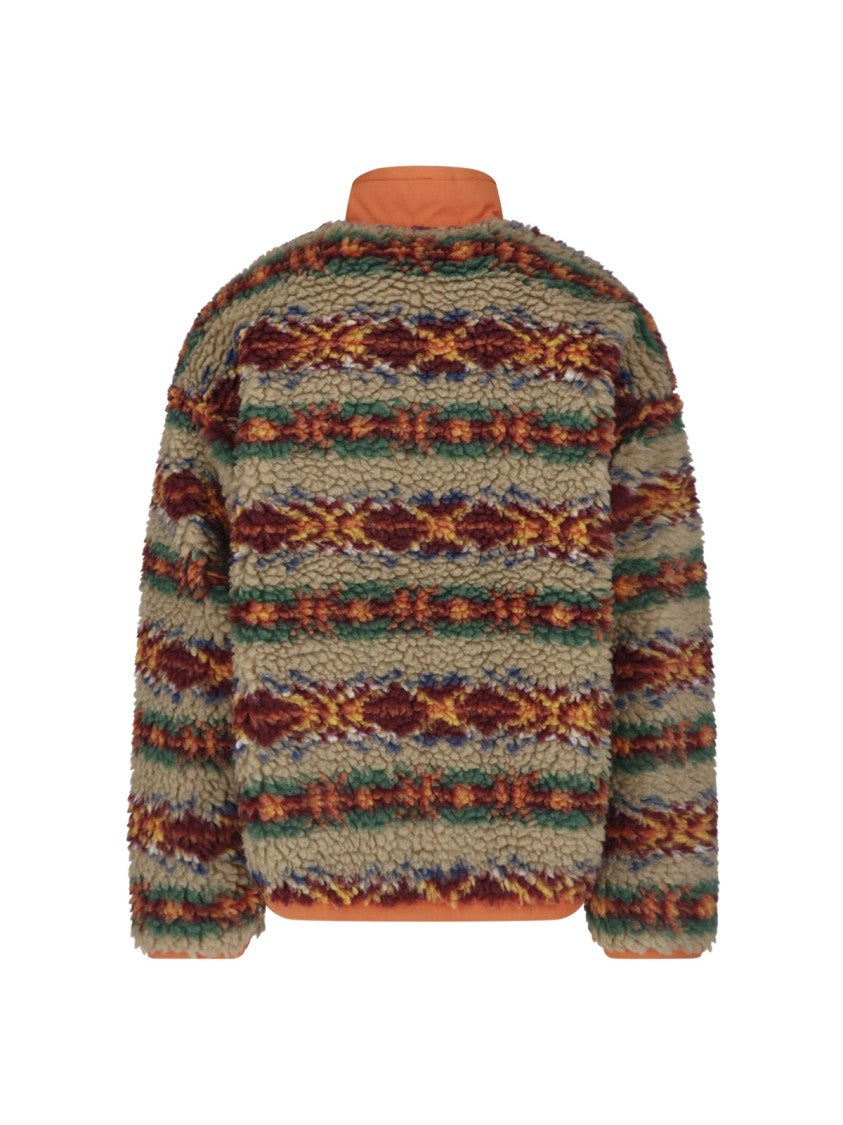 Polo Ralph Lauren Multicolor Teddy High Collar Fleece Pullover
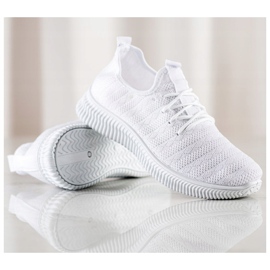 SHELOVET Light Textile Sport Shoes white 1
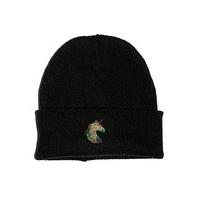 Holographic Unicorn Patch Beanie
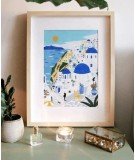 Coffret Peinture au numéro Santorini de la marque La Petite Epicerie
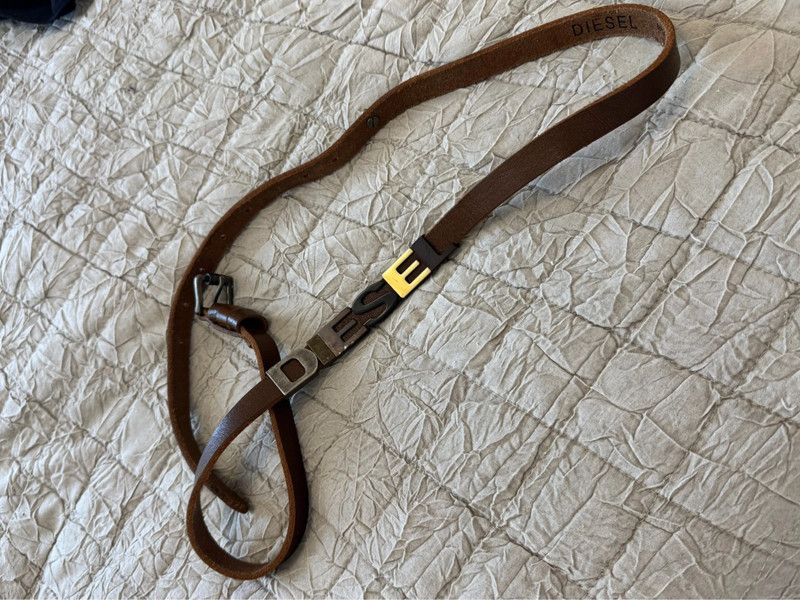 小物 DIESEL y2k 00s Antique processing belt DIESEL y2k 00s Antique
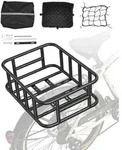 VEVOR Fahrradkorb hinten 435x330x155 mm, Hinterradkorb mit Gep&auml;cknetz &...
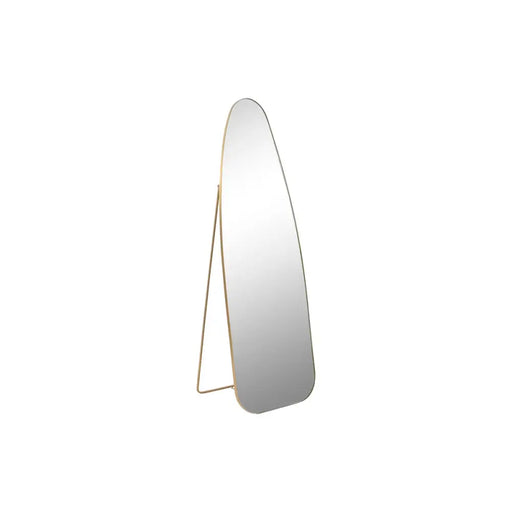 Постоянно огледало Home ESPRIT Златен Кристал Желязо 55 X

### Problem to solve
Your answer should be every line above, written out exactly, with no pictures.

### Task result
 Polo Ralph Lauren Multicolor Teddy High Collar Fleece Pullover
 SHELOVET Light Textile Sport Shoes white 1
 Holographic Unicorn Patch Beanie
 Coffret Peinture au numéro Santorini de la marque La Petite Epicerie
 小物 DIESEL y2k 00s Antique processing belt DIESEL y2k 00s Antique
 VEVOR Fahrradkorb hinten 435x330x155 mm, Hinterradkorb mit Gep&auml;cknetz &...
 Постоянно огледало Home ESPRIT Златен Кристал Желязо 55 X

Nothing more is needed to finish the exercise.